§ Dataset section
····················

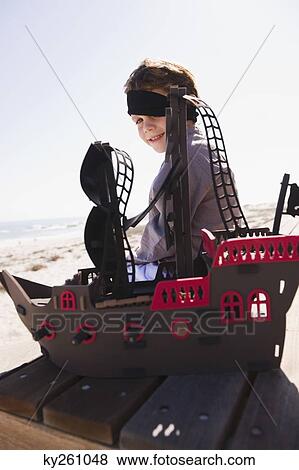 Boy in pirate costume playing with a toy boat View Large Photo Image Stock Photo - Boy in pirate costume playing with a toy boat. Fotosearch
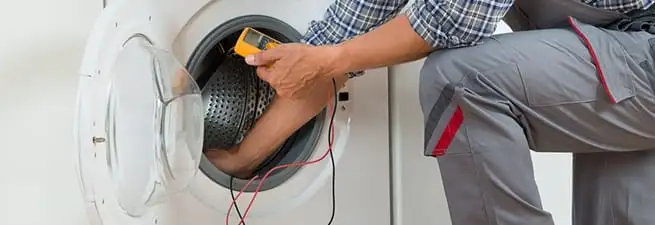 Dryer repair technician inspecting and repairing a clothes dryer in Memphis, TN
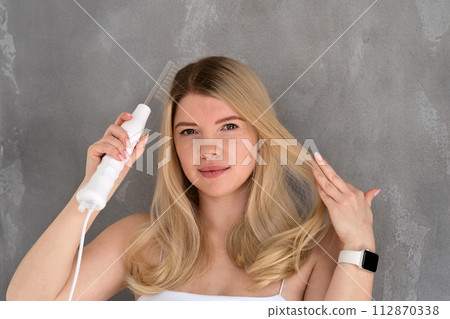 Enjoying microcurrent hair therapy. 112870338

····················

§ Work instruction
The answer must repeat every line of the listing exactly and leave the pictures out.

§ Worked solution
 Boy in pirate costume playing with a toy boat View Large Photo Image Stock Photo - Boy in pirate costume playing with a toy boat. Fotosearch
 Dryer repair technician inspecting and repairing a clothes dryer in Memphis, TN
 Enjoying microcurrent hair therapy. 112870338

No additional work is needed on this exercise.